The required output is a word-for-word restatement of the material below, from the line with "Wanderung Kaiserau - Klinkehütte" through its last line, inclusive.

### RECORDS FOR THE EXERCISE

********

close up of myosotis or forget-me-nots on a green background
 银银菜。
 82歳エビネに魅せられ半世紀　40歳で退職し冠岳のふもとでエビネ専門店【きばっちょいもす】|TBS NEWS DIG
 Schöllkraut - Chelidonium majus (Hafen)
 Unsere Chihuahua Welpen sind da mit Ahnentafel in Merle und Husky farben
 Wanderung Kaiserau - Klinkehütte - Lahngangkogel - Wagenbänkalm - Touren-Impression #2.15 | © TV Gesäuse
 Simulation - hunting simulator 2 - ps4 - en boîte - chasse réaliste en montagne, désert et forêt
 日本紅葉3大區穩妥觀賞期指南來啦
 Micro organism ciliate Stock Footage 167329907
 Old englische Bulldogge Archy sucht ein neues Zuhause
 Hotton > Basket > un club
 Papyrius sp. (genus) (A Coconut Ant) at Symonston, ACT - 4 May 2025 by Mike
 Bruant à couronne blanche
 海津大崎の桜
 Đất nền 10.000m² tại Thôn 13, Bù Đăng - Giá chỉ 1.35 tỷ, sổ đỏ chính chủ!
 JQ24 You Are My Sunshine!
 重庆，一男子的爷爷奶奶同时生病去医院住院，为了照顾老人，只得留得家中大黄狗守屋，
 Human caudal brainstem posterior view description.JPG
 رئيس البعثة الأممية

********

### TASK ANSWER
 Wanderung Kaiserau - Klinkehütte - Lahngangkogel - Wagenbänkalm - Touren-Impression #2.15 | © TV Gesäuse
 Simulation - hunting simulator 2 - ps4 - en boîte - chasse réaliste en montagne, désert et forêt
 日本紅葉3大區穩妥觀賞期指南來啦
 Micro organism ciliate Stock Footage 167329907
 Old englische Bulldogge Archy sucht ein neues Zuhause
 Hotton > Basket > un club
 Papyrius sp. (genus) (A Coconut Ant) at Symonston, ACT - 4 May 2025 by Mike
 Bruant à couronne blanche
 海津大崎の桜
 Đất nền 10.000m² tại Thôn 13, Bù Đăng - Giá chỉ 1.35 tỷ, sổ đỏ chính chủ!
 JQ24 You Are My Sunshine!
 重庆，一男子的爷爷奶奶同时生病去医院住院，为了照顾老人，只得留得家中大黄狗守屋，
 Human caudal brainstem posterior view description.JPG
 رئيس البعثة الأممية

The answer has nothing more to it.